A fuerza de escribir, es imposible no totalizar (no suponer que, positivamente, se está


totalizando). Pero la totalidad no existe, sostuvo Badiou. Totalizar es una operación
cultural, es decir relativa, no absoluta; su rédito, su verdad, sólo tendrá valor para la
cultura que emita esa intención. No hay voz humana, por lúcida que sea (y la lucidez,
dicho sea de paso, es otro mito cultural, occidental), que logre acceder a una verdad sin
ubicación y sin momento -por la sencilla razón de que tal tipo de verdad no existe. Le
Clézio, aquí, procura totalizar la materia, y la fertilidad de su operación depende, como
siempre acontece, de la hospitalidad de los suelos mentales. Pero ocurre que la escritura,
a través de la marea de su léxico, era ya una analogía perfecta y sintética de la materia
misma; el vocabulario riquísimo de Le Clézio (que la traductora refunde con maestría)

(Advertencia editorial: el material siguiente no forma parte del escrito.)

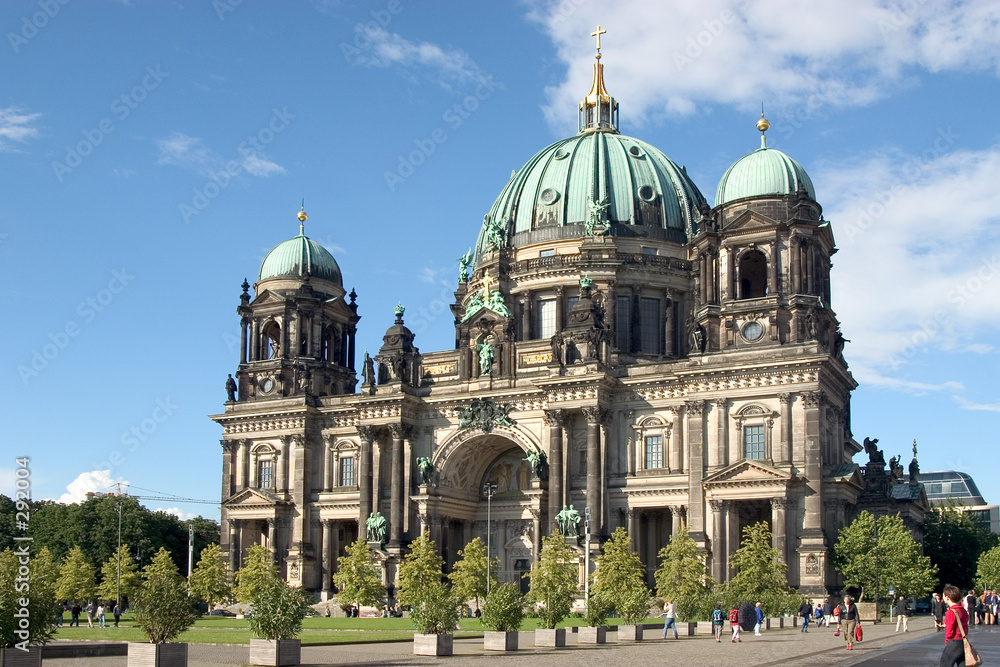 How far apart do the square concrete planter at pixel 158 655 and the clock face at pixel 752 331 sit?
54.2m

podría haber valido, para su mismo autor, por toda esa multiplicidad inabarcable en la
que el completo universo -ese infinito tesoro de seres y de cosas- se abre ante el estupor
o la falibilidad de nuestros sentidos. El libro incurre, entonces, en una productiva
contradicción: el régimen de su devenir formal (su formidable vocabulario, su rica
sintaxis) se comporta como esa materia que ha sido elevada a la condición de entidad
total e infinitamente variada, pero el régimen de su ideología (la excepcionalidad del
hombre en contraposición al “apeiron” en el que todo se inscribe) pretende estar
haciendo, desde las orillas tristes de la negatividad humana, el elogio de un bello y
angustiante caos. Esta contradicción es curiosa y es también compleja. De más está
decir que su resultado, en cambio, es sólo magnífico.